The sport of obstacle racing has rapidly gained popularity. At events like Tough Mudder and Spartan Race, competitors complete a course that includes not only trail running but also dashing through burning firewood, swimming across an icy pool, and running between electrified wires. According to The New Yorker, these races are “designed to challenge strength, stamina, mental grit, and camaraderie.”
By contrast, prayer may seem like a sedentary, low-impact activity. What could be challenging about closing your eyes and talking to God? But Paul’s instructions to the Colossians reveal that prayer is often more like a Tough Mudder than like a leisurely walk in the park. To begin, Paul calls the church to “devote” themselves to prayer and to be “watchful” in it. Furthermore, he calls them to be “thankful,” which is no easy task for most of us (v. 2).
Paul gives a specific example of someone who demonstrated this kind of praying grit. Epaphras was a champion intercessor, “always wrestling in prayer” for the Colossians (v. 12). At times, we may be tempted to undervalue the work of intercession. We can esteem teachers, preachers, missionaries, or organizers more than those who pray. But Paul testifies to the churches that Epaphras was doing essential and difficult work on their behalf—by praying (v. 13).

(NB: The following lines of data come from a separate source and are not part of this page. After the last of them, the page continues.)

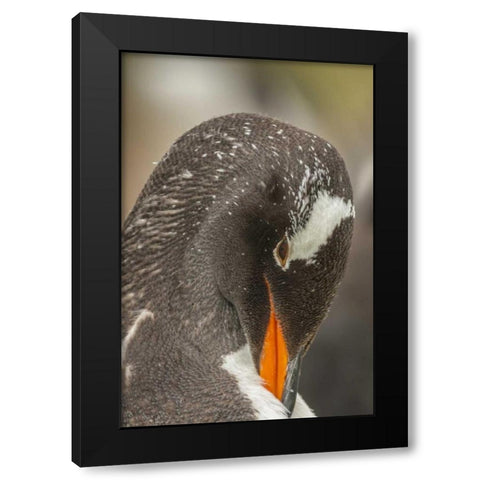 Bleaker Island Gentoo penguin adult preening Black Modern Wood Framed Art Print with Double Matting by Illg, Cathy and Gordon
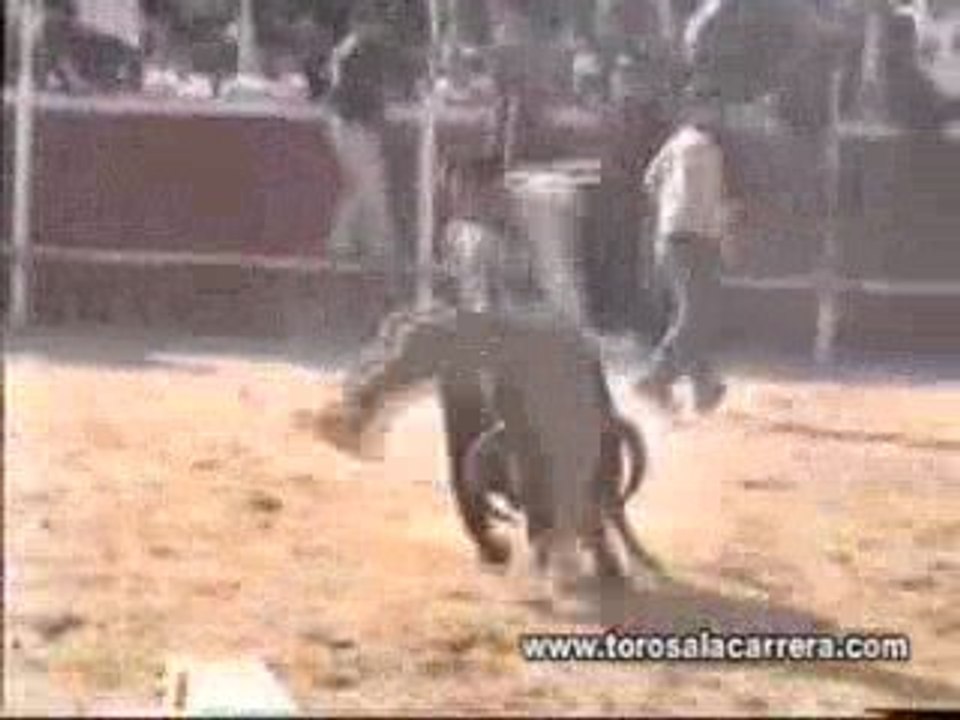 Encierros en Rivas vaciamadrid 2004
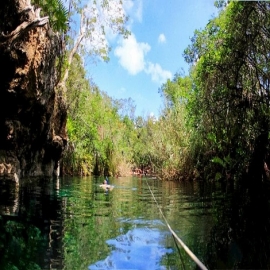 Cenote Escondido - Tulum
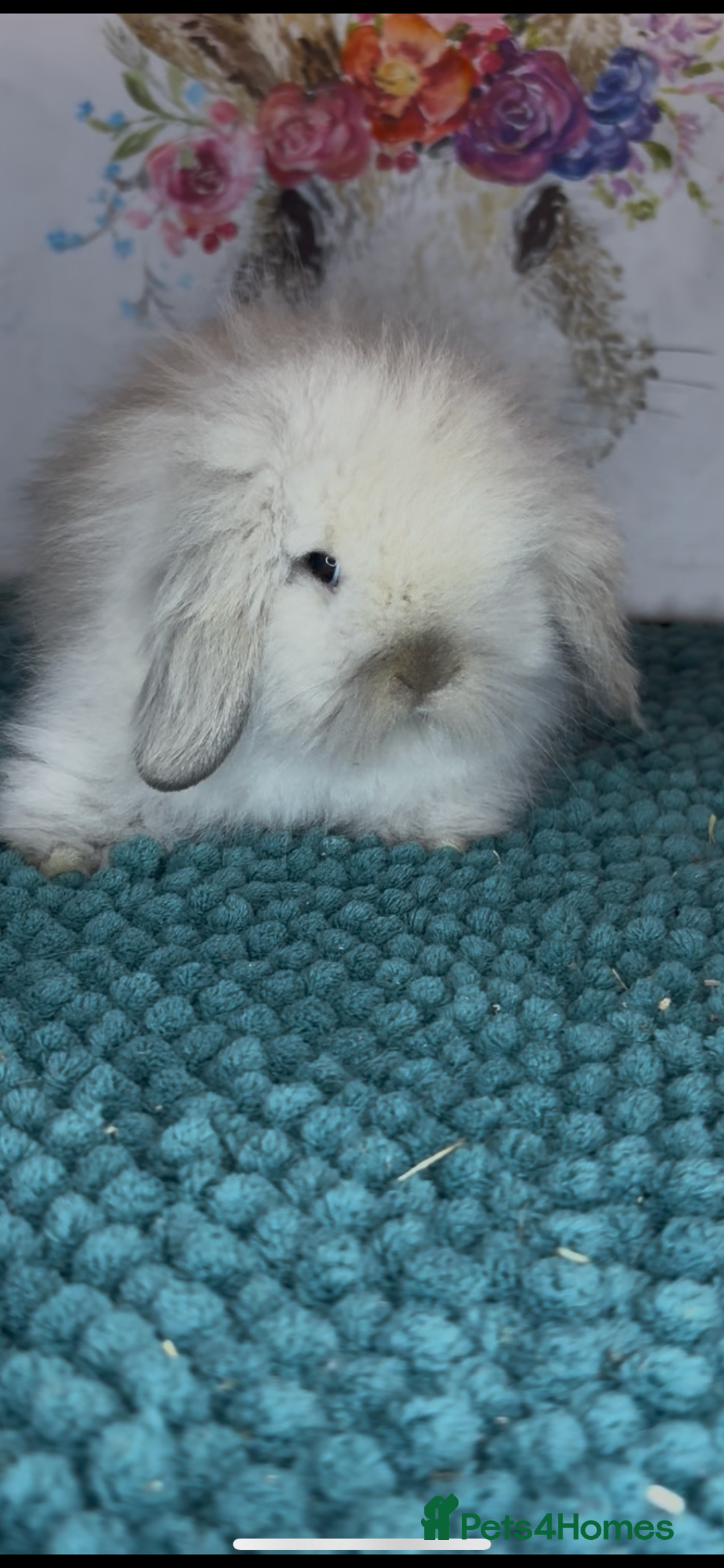 Mini Lion Lop rabbits for sale: Gorgeous fluffy mini lion lop baby bunnies - Image 1
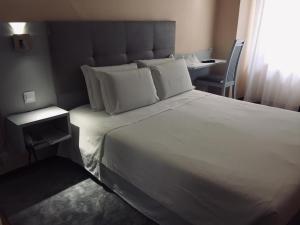 habitación individual - Hotel Excelsior
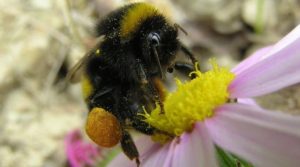 Do Wandering Bees Help Spread Disease?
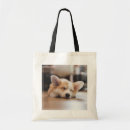 Recherche de pembroke welsh corgi tote bags Animal de compagnie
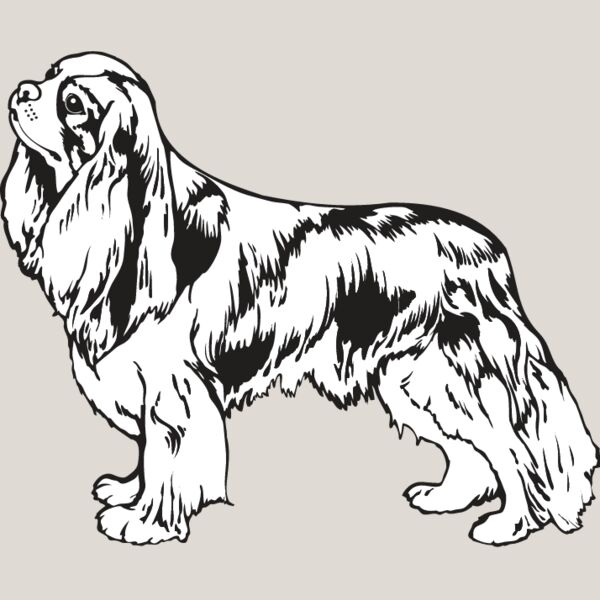 King Charles Spaniel2 Thumbnail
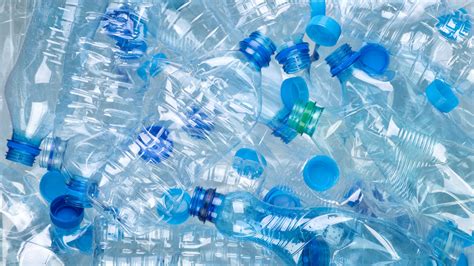 Are Plastic Water Bottles Safe For Dogs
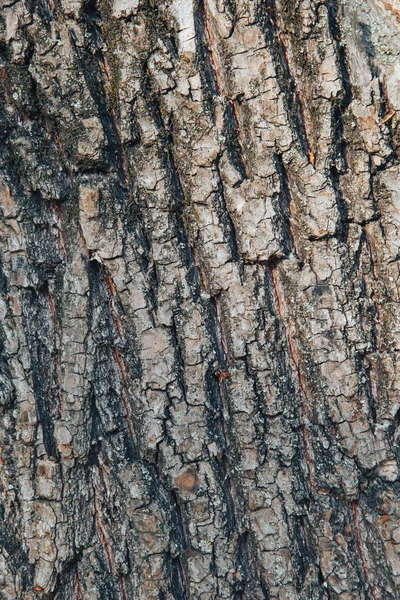 Tree bark texture background. Tree bark background. Close-up — Stock Photo, Image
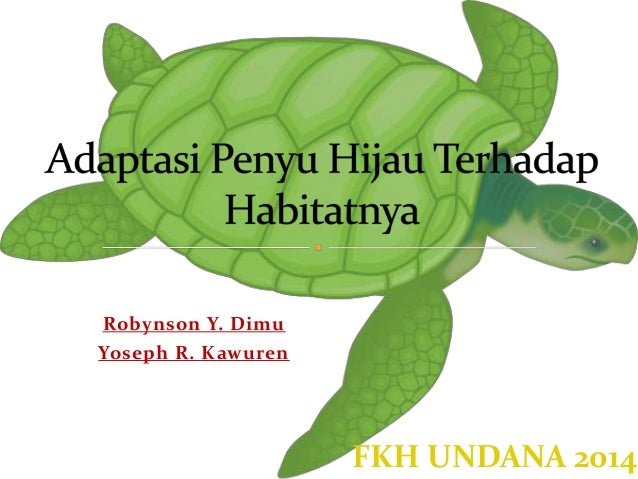 77 Gambar Hewan Penyu Hijau Gratis Terbaik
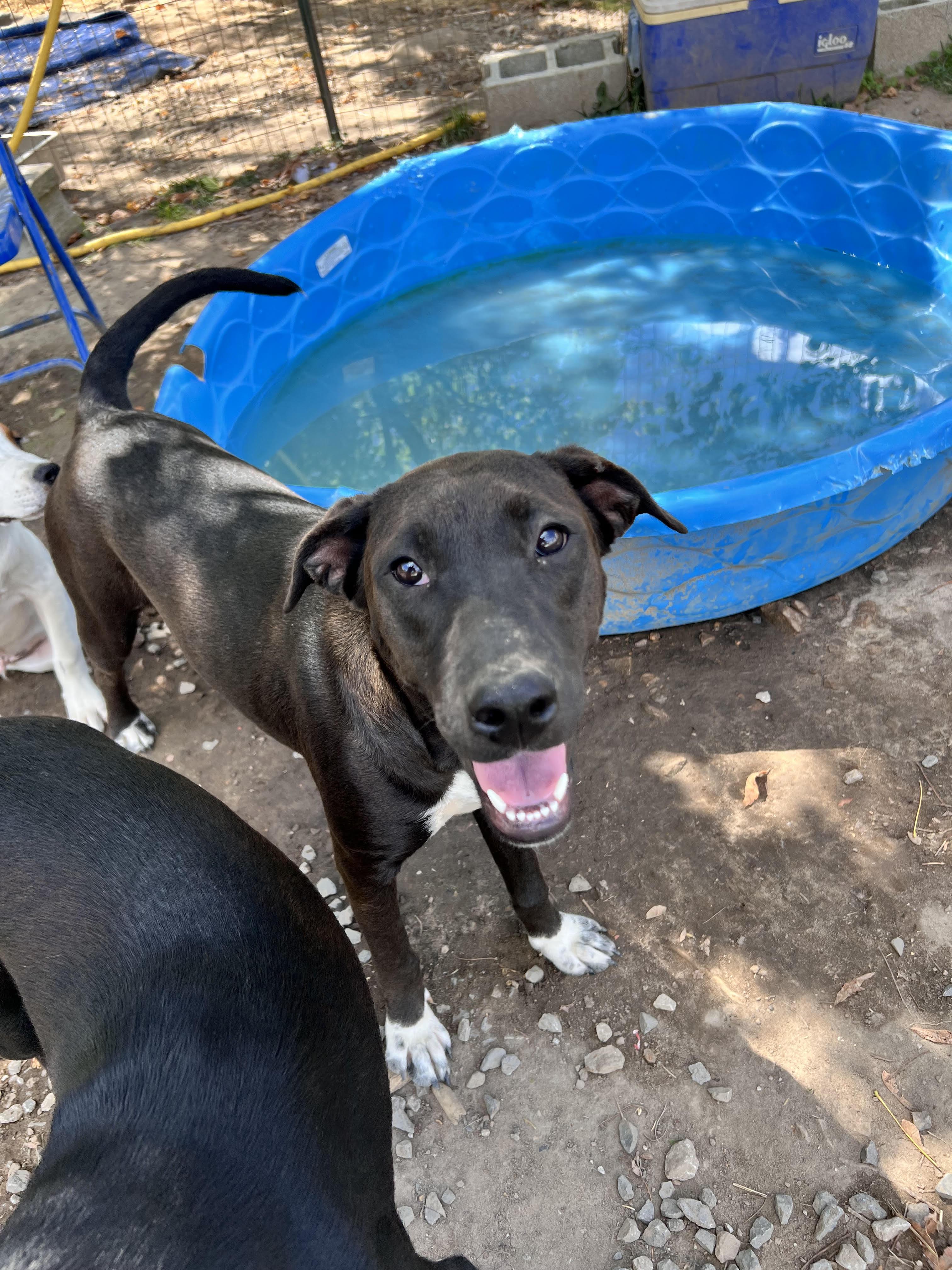 Enlarge Corina, a Adoptable mixed breed in Tracy City , TN image 3/3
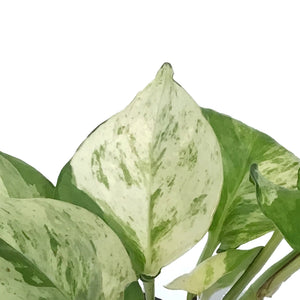 Pothos, 3in, Majula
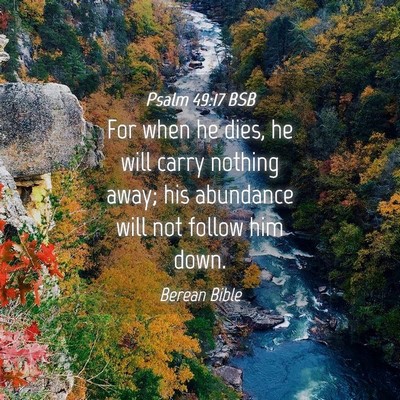 Picture 04 - Psalm 49:17 BSB - For when he dies, he will carry nothing away; his - Bible Verse Picture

The exchange of information and encouragement are essential. Paul challenges the churches by asking them to intercede for something that might seem impossible: a successful ministry by an incarcerated preacher (vv. 3–4). He arranges for messengers to visit the churches to collect and disperse additional requests. While unbelievers might think such updates are just news, Christians know they are fuel for the hard work of intercession.